• Records for processing
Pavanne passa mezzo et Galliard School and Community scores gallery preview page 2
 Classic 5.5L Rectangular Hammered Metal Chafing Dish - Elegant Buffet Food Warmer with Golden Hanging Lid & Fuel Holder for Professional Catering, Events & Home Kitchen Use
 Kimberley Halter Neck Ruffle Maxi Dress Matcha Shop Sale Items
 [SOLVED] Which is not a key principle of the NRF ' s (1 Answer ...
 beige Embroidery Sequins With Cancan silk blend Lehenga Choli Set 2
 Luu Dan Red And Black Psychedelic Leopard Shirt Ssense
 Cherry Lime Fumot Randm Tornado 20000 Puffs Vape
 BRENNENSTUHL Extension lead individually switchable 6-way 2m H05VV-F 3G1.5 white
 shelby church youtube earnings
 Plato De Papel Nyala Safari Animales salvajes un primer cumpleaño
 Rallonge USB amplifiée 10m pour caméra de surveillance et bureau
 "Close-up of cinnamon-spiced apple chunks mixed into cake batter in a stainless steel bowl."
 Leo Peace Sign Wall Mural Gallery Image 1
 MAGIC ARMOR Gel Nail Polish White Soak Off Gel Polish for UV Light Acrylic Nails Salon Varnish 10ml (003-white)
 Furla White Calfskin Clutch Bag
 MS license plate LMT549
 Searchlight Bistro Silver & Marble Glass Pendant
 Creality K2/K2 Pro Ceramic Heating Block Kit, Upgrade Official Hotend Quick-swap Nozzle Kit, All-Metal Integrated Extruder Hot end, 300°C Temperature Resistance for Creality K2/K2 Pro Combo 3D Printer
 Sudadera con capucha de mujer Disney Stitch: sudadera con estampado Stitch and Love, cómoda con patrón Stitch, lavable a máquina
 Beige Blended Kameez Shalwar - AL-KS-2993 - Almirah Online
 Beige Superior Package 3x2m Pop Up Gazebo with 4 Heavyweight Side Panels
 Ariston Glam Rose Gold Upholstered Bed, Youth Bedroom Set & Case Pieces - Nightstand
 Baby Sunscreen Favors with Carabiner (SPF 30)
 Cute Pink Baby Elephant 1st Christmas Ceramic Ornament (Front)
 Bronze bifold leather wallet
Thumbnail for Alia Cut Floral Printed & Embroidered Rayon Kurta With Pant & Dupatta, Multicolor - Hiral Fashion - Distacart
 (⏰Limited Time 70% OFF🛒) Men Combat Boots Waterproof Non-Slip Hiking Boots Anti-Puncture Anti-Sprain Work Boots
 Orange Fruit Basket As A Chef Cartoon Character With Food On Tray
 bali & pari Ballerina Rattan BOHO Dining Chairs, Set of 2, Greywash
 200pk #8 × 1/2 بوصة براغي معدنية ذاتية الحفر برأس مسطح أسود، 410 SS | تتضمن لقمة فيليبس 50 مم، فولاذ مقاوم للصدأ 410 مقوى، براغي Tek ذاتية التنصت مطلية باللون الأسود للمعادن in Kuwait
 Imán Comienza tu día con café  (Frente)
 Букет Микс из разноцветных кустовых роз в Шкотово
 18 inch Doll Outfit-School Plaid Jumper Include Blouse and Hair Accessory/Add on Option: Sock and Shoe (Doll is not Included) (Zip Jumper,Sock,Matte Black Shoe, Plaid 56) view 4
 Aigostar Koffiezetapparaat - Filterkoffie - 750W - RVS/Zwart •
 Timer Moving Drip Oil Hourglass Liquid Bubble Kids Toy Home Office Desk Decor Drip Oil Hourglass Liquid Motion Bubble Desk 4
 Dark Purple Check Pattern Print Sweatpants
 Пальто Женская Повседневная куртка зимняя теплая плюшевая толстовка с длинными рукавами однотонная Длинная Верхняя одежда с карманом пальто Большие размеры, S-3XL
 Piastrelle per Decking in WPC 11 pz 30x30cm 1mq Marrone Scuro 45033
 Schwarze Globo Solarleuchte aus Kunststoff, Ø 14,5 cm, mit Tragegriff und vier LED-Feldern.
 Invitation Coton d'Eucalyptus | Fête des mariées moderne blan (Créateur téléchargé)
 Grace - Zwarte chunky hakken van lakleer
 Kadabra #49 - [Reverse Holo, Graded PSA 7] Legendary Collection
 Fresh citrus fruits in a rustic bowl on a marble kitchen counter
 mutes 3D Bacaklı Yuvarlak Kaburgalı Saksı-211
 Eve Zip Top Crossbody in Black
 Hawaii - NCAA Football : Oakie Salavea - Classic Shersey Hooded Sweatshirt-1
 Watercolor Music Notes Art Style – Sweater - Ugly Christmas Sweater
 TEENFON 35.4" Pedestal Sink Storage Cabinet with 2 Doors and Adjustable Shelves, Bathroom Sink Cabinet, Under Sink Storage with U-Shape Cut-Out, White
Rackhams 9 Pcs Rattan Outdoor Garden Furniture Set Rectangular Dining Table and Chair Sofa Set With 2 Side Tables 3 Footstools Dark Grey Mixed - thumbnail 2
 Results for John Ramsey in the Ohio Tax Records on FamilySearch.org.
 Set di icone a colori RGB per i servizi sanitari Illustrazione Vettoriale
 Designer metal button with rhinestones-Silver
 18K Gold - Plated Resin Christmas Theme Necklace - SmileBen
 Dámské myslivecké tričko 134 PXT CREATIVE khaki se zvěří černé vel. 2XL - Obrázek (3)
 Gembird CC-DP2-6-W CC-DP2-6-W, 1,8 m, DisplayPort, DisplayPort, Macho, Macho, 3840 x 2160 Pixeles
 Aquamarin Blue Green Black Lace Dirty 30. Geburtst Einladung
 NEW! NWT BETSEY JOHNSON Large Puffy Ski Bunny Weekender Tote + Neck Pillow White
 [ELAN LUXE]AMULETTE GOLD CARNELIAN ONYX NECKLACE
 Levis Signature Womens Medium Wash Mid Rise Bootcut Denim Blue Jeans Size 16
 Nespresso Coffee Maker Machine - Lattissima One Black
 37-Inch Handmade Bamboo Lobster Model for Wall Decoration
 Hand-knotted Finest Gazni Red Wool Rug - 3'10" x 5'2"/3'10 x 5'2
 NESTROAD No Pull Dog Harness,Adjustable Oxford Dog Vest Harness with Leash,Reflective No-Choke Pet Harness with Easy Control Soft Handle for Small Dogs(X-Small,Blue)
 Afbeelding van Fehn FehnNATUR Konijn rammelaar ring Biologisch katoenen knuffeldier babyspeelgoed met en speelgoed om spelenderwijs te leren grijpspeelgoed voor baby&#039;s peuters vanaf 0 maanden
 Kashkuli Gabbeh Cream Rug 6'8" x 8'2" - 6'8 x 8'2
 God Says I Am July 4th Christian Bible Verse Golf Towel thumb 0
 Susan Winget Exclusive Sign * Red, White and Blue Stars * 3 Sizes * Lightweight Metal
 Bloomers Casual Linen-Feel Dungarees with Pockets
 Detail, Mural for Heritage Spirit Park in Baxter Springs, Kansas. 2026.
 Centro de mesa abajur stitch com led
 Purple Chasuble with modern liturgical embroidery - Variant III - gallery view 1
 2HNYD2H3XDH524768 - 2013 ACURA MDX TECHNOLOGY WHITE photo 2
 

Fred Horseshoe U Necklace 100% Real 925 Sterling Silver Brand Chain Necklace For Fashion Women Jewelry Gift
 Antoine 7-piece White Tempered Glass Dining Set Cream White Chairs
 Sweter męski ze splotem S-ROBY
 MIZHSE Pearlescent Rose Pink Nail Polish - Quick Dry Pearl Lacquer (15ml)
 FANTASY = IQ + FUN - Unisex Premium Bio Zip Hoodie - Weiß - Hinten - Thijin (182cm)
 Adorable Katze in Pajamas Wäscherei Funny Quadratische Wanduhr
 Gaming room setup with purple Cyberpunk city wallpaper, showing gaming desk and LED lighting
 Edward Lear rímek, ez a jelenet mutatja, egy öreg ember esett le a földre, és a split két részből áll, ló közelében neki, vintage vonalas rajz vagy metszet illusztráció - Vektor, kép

• What this task involves
All of the lines above must be returned exactly as they stand.

• Completed task
Pavanne passa mezzo et Galliard School and Community scores gallery preview page 2
 Classic 5.5L Rectangular Hammered Metal Chafing Dish - Elegant Buffet Food Warmer with Golden Hanging Lid & Fuel Holder for Professional Catering, Events & Home Kitchen Use
 Kimberley Halter Neck Ruffle Maxi Dress Matcha Shop Sale Items
 [SOLVED] Which is not a key principle of the NRF ' s (1 Answer ...
 beige Embroidery Sequins With Cancan silk blend Lehenga Choli Set 2
 Luu Dan Red And Black Psychedelic Leopard Shirt Ssense
 Cherry Lime Fumot Randm Tornado 20000 Puffs Vape
 BRENNENSTUHL Extension lead individually switchable 6-way 2m H05VV-F 3G1.5 white
 shelby church youtube earnings
 Plato De Papel Nyala Safari Animales salvajes un primer cumpleaño
 Rallonge USB amplifiée 10m pour caméra de surveillance et bureau
 "Close-up of cinnamon-spiced apple chunks mixed into cake batter in a stainless steel bowl."
 Leo Peace Sign Wall Mural Gallery Image 1
 MAGIC ARMOR Gel Nail Polish White Soak Off Gel Polish for UV Light Acrylic Nails Salon Varnish 10ml (003-white)
 Furla White Calfskin Clutch Bag
 MS license plate LMT549
 Searchlight Bistro Silver & Marble Glass Pendant
 Creality K2/K2 Pro Ceramic Heating Block Kit, Upgrade Official Hotend Quick-swap Nozzle Kit, All-Metal Integrated Extruder Hot end, 300°C Temperature Resistance for Creality K2/K2 Pro Combo 3D Printer
 Sudadera con capucha de mujer Disney Stitch: sudadera con estampado Stitch and Love, cómoda con patrón Stitch, lavable a máquina
 Beige Blended Kameez Shalwar - AL-KS-2993 - Almirah Online
 Beige Superior Package 3x2m Pop Up Gazebo with 4 Heavyweight Side Panels
 Ariston Glam Rose Gold Upholstered Bed, Youth Bedroom Set & Case Pieces - Nightstand
 Baby Sunscreen Favors with Carabiner (SPF 30)
 Cute Pink Baby Elephant 1st Christmas Ceramic Ornament (Front)
 Bronze bifold leather wallet
Thumbnail for Alia Cut Floral Printed & Embroidered Rayon Kurta With Pant & Dupatta, Multicolor - Hiral Fashion - Distacart
 (⏰Limited Time 70% OFF🛒) Men Combat Boots Waterproof Non-Slip Hiking Boots Anti-Puncture Anti-Sprain Work Boots
 Orange Fruit Basket As A Chef Cartoon Character With Food On Tray
 bali & pari Ballerina Rattan BOHO Dining Chairs, Set of 2, Greywash
 200pk #8 × 1/2 بوصة براغي معدنية ذاتية الحفر برأس مسطح أسود، 410 SS | تتضمن لقمة فيليبس 50 مم، فولاذ مقاوم للصدأ 410 مقوى، براغي Tek ذاتية التنصت مطلية باللون الأسود للمعادن in Kuwait
 Imán Comienza tu día con café  (Frente)
 Букет Микс из разноцветных кустовых роз в Шкотово
 18 inch Doll Outfit-School Plaid Jumper Include Blouse and Hair Accessory/Add on Option: Sock and Shoe (Doll is not Included) (Zip Jumper,Sock,Matte Black Shoe, Plaid 56) view 4
 Aigostar Koffiezetapparaat - Filterkoffie - 750W - RVS/Zwart •
 Timer Moving Drip Oil Hourglass Liquid Bubble Kids Toy Home Office Desk Decor Drip Oil Hourglass Liquid Motion Bubble Desk 4
 Dark Purple Check Pattern Print Sweatpants
 Пальто Женская Повседневная куртка зимняя теплая плюшевая толстовка с длинными рукавами однотонная Длинная Верхняя одежда с карманом пальто Большие размеры, S-3XL
 Piastrelle per Decking in WPC 11 pz 30x30cm 1mq Marrone Scuro 45033
 Schwarze Globo Solarleuchte aus Kunststoff, Ø 14,5 cm, mit Tragegriff und vier LED-Feldern.
 Invitation Coton d'Eucalyptus | Fête des mariées moderne blan (Créateur téléchargé)
 Grace - Zwarte chunky hakken van lakleer
 Kadabra #49 - [Reverse Holo, Graded PSA 7] Legendary Collection
 Fresh citrus fruits in a rustic bowl on a marble kitchen counter
 mutes 3D Bacaklı Yuvarlak Kaburgalı Saksı-211
 Eve Zip Top Crossbody in Black
 Hawaii - NCAA Football : Oakie Salavea - Classic Shersey Hooded Sweatshirt-1
 Watercolor Music Notes Art Style – Sweater - Ugly Christmas Sweater
 TEENFON 35.4" Pedestal Sink Storage Cabinet with 2 Doors and Adjustable Shelves, Bathroom Sink Cabinet, Under Sink Storage with U-Shape Cut-Out, White
Rackhams 9 Pcs Rattan Outdoor Garden Furniture Set Rectangular Dining Table and Chair Sofa Set With 2 Side Tables 3 Footstools Dark Grey Mixed - thumbnail 2
 Results for John Ramsey in the Ohio Tax Records on FamilySearch.org.
 Set di icone a colori RGB per i servizi sanitari Illustrazione Vettoriale
 Designer metal button with rhinestones-Silver
 18K Gold - Plated Resin Christmas Theme Necklace - SmileBen
 Dámské myslivecké tričko 134 PXT CREATIVE khaki se zvěří černé vel. 2XL - Obrázek (3)
 Gembird CC-DP2-6-W CC-DP2-6-W, 1,8 m, DisplayPort, DisplayPort, Macho, Macho, 3840 x 2160 Pixeles
 Aquamarin Blue Green Black Lace Dirty 30. Geburtst Einladung
 NEW! NWT BETSEY JOHNSON Large Puffy Ski Bunny Weekender Tote + Neck Pillow White
 [ELAN LUXE]AMULETTE GOLD CARNELIAN ONYX NECKLACE
 Levis Signature Womens Medium Wash Mid Rise Bootcut Denim Blue Jeans Size 16
 Nespresso Coffee Maker Machine - Lattissima One Black
 37-Inch Handmade Bamboo Lobster Model for Wall Decoration
 Hand-knotted Finest Gazni Red Wool Rug - 3'10" x 5'2"/3'10 x 5'2
 NESTROAD No Pull Dog Harness,Adjustable Oxford Dog Vest Harness with Leash,Reflective No-Choke Pet Harness with Easy Control Soft Handle for Small Dogs(X-Small,Blue)
 Afbeelding van Fehn FehnNATUR Konijn rammelaar ring Biologisch katoenen knuffeldier babyspeelgoed met en speelgoed om spelenderwijs te leren grijpspeelgoed voor baby&#039;s peuters vanaf 0 maanden
 Kashkuli Gabbeh Cream Rug 6'8" x 8'2" - 6'8 x 8'2
 God Says I Am July 4th Christian Bible Verse Golf Towel thumb 0
 Susan Winget Exclusive Sign * Red, White and Blue Stars * 3 Sizes * Lightweight Metal
 Bloomers Casual Linen-Feel Dungarees with Pockets
 Detail, Mural for Heritage Spirit Park in Baxter Springs, Kansas. 2026.
 Centro de mesa abajur stitch com led
 Purple Chasuble with modern liturgical embroidery - Variant III - gallery view 1
 2HNYD2H3XDH524768 - 2013 ACURA MDX TECHNOLOGY WHITE photo 2
 

Fred Horseshoe U Necklace 100% Real 925 Sterling Silver Brand Chain Necklace For Fashion Women Jewelry Gift
 Antoine 7-piece White Tempered Glass Dining Set Cream White Chairs
 Sweter męski ze splotem S-ROBY
 MIZHSE Pearlescent Rose Pink Nail Polish - Quick Dry Pearl Lacquer (15ml)
 FANTASY = IQ + FUN - Unisex Premium Bio Zip Hoodie - Weiß - Hinten - Thijin (182cm)
 Adorable Katze in Pajamas Wäscherei Funny Quadratische Wanduhr
 Gaming room setup with purple Cyberpunk city wallpaper, showing gaming desk and LED lighting
 Edward Lear rímek, ez a jelenet mutatja, egy öreg ember esett le a földre, és a split két részből áll, ló közelében neki, vintage vonalas rajz vagy metszet illusztráció - Vektor, kép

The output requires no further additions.